Alois Riedler was married to Fritza, née Friederike Langer. Fritza was born on September 9, 1860 in Berlin. Together with her siblings Paul, Emilie and Alfons she owned a house in Vienna. Alois and Fritza therefore had residences in Berlin and Vienna. Riedler declined an appointment to the TH in Vienna in 1903, where he was supposed to succeed Leopold von Hauffe. Riedler claimed that the German Emperor himself fervently asked him to stay in Berlin. In 1921 the Riedlers moved to Vienna for good.
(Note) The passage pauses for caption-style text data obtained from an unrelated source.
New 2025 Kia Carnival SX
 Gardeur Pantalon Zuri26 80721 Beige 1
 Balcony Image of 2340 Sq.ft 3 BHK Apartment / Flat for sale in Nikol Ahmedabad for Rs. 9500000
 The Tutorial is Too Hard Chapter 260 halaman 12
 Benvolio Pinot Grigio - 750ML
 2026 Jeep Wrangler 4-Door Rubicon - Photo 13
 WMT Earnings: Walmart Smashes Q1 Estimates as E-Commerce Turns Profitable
Fritza is well known for Gustav Klimt’s painting of her. In 1906 Klimt depictured her in oil on canvas based on a series of more than 20 sketches. Fritza, who died in 1927, and Alois had no descendants. In 1937, Emilie Langer sold Klimt’s portrait to the Belvedere collection.

== Honours ==
In 1897 Riedler received the Grashof medal, the German Engineers' Association's highest honor. The Austrian Engineers' and Architects' Association appointed him honorary member in 1900 and awarded him their gold medal in 1931. In 1904 he was awarded the Order of Franz Joseph in the rank of a Commander with Star. In 1911 his alma mater TH Graz awarded him an honorary doctorate.